Re: asynchronous execution

From: Kyotaro HORIGUCHI <horiguchi(dot)kyotaro(at)lab(dot)ntt(dot)co(dot)jp>
To: robertmhaas(at)gmail(dot)com
Cc: amitdkhan(dot)pg(at)gmail(dot)com, pgsql-hackers(at)postgresql(dot)org
Subject: Re: asynchronous execution
Date: 2016-10-03 10:46:32
Message-ID: 20161003.194632.204401048.horiguchi.kyotaro@lab.ntt.co.jp
Views: Raw Message | Whole Thread | Download mbox | Resend email
Thread:
Lists: pgsql-hackers

Thank you for the thought.

At Fri, 23 Sep 2016 21:09:03 -0400, Robert Haas <robertmhaas(at)gmail(dot)com> wrote in <CA+TgmoaXQEt4tZ03FtQhnzeDEMzBck+Lrni0UWHVVgOTnA6C1w(at)mail(dot)gmail(dot)com>
> [ Adjusting subject line to reflect the actual topic of discussion better. ]
>
> On Fri, Sep 23, 2016 at 9:29 AM, Robert Haas <robertmhaas(at)gmail(dot)com> wrote:
> > On Fri, Sep 23, 2016 at 8:45 AM, Amit Khandekar <amitdkhan(dot)pg(at)gmail(dot)com> wrote:
> >> For e.g., in the above plan which you specified, suppose :
> >> 1. Hash Join has called ExecProcNode() for the child foreign scan b, and so
> >> is
> >> waiting in ExecAsyncWaitForNode(foreign_scan_on_b).
> >> 2. The event wait list already has foreign scan on a that is on a different
> >> subtree.
> >> 3. This foreign scan a happens to be ready, so in
> >> ExecAsyncWaitForNode (), ExecDispatchNode(foreign_scan_a) is called,
> >> which returns with result_ready.
> >> 4. Since it returns result_ready, it's parent node is now inserted in the
> >> callbacks array, and so it's parent (Append) is executed.
> >> 5. But, this Append planstate is already in the middle of executing Hash
> >> join, and is waiting for HashJoin.
> >
> > Ah, yeah, something like that could happen. I've spent much of this
> > week working on a new design for this feature which I think will avoid
> > this problem. It doesn't work yet - in fact I can't even really test
> > it yet. But I'll post what I've got by the end of the day today so
> > that anyone who is interested can look at it and critique.
>
> Well, I promised to post this, so here it is. It's not really working
> all that well at this point, and it's definitely not doing anything
> that interesting, but you can see the outline of what I have in mind.
> Since Kyotaro Horiguchi found that my previous design had a
> system-wide performance impact due to the ExecProcNode changes, I
> decided to take a different approach here: I created an async
> infrastructure where both the requestor and the requestee have to be
> specifically modified to support parallelism, and then modified Append
> and ForeignScan to cooperate using the new interface. Hopefully that
> means that anything other than those two nodes will suffer no
> performance impact. Of course, it might have other problems....
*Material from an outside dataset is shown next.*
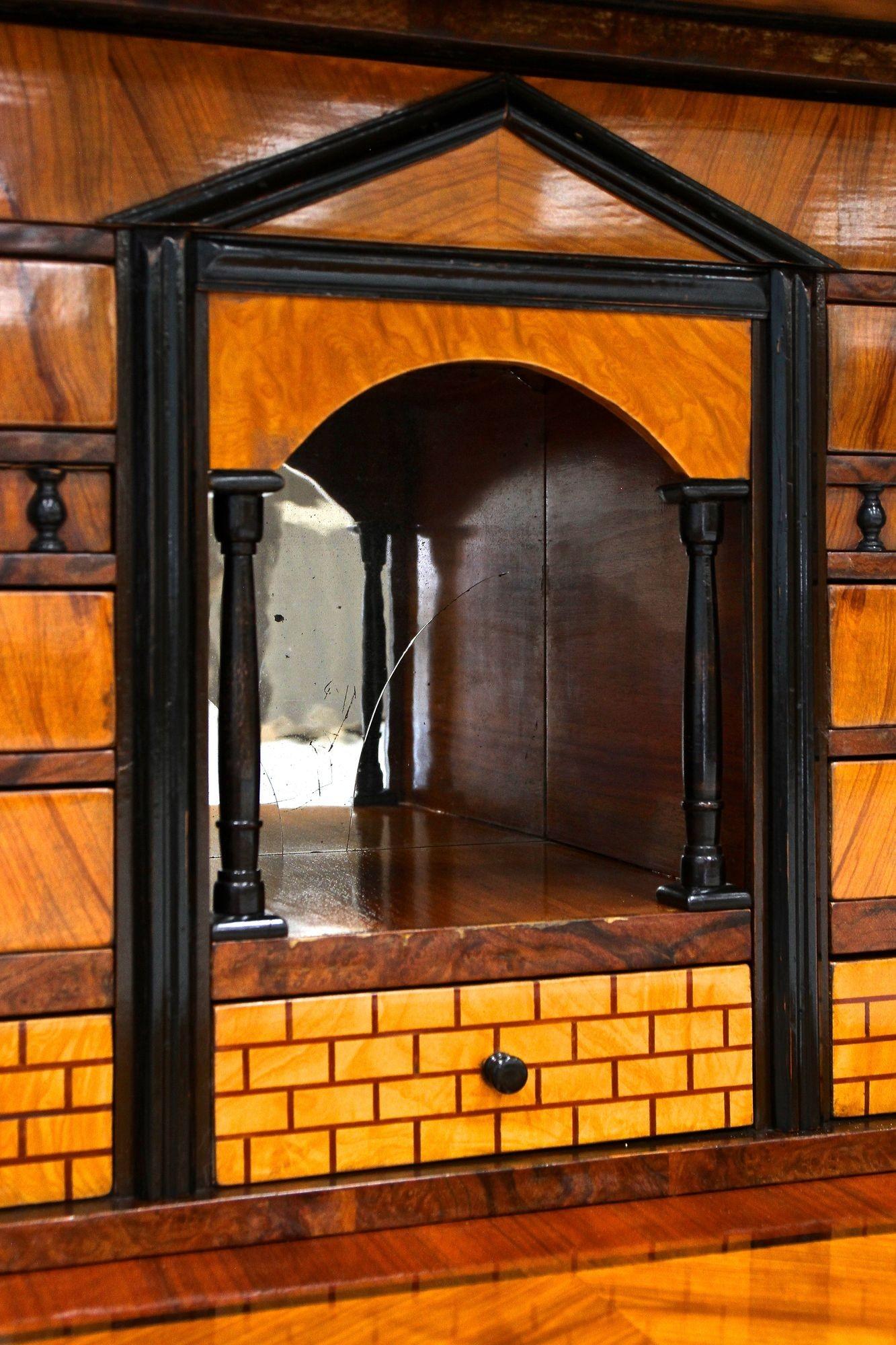 19th Century Biedermeier Nutwood Secretary Desk/ Secretaire, Austria ca. 1820/25 For Sale 2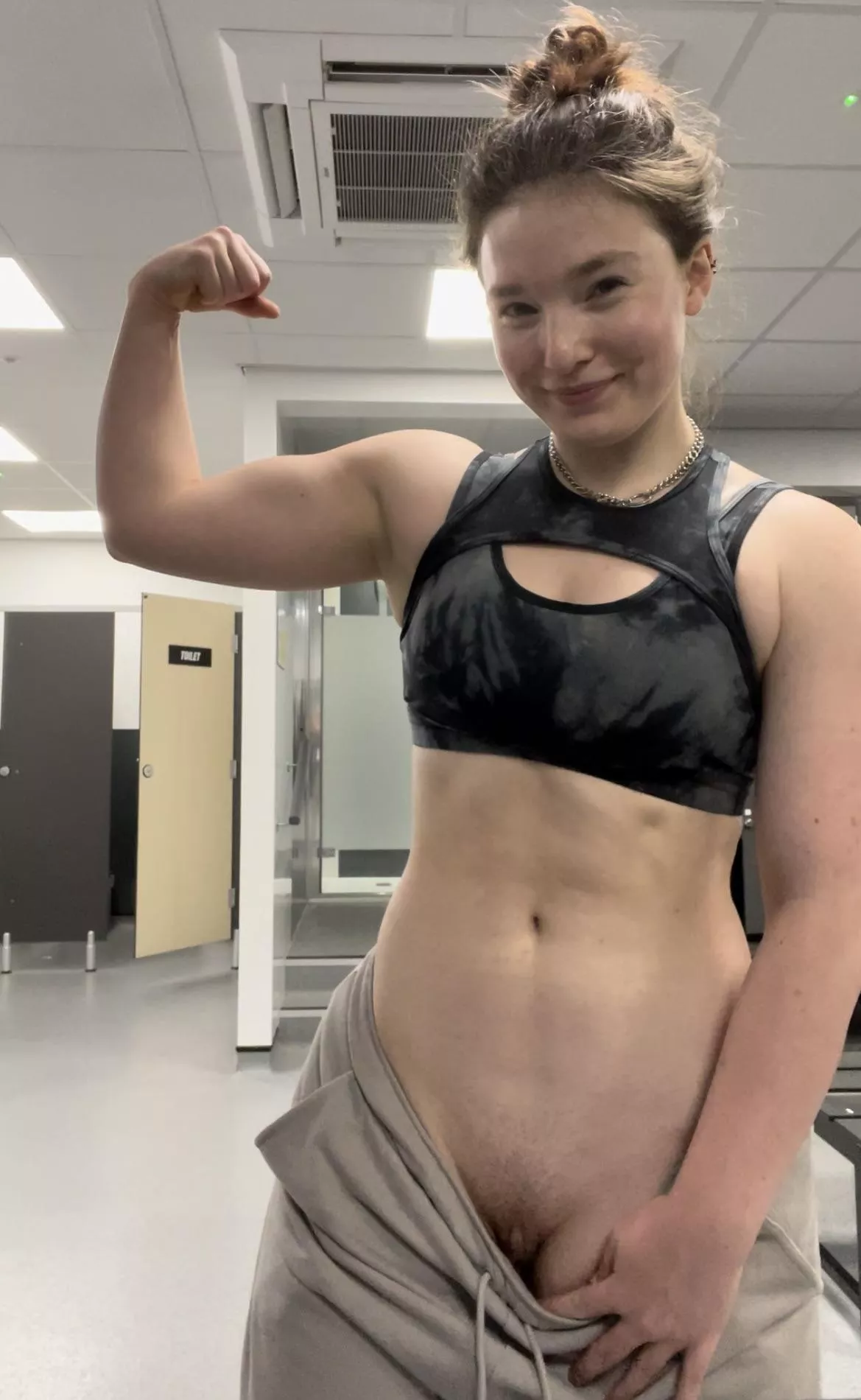 Would you fuck me in the gym changing rooms?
The previous framework didn't need to distinguish async-capable
and uncapable nodes from the parent node's view. The things in
ExecProcNode was required for the reason. Instead, this new one
removes the ExecProcNode stuff by distinguishing the two kinds of
node in async-aware parents, that is, Append. This no longer
involves async-unaware nodes into the tuple bubbling-up mechanism
so the reentrant problem doesn't seem to occur.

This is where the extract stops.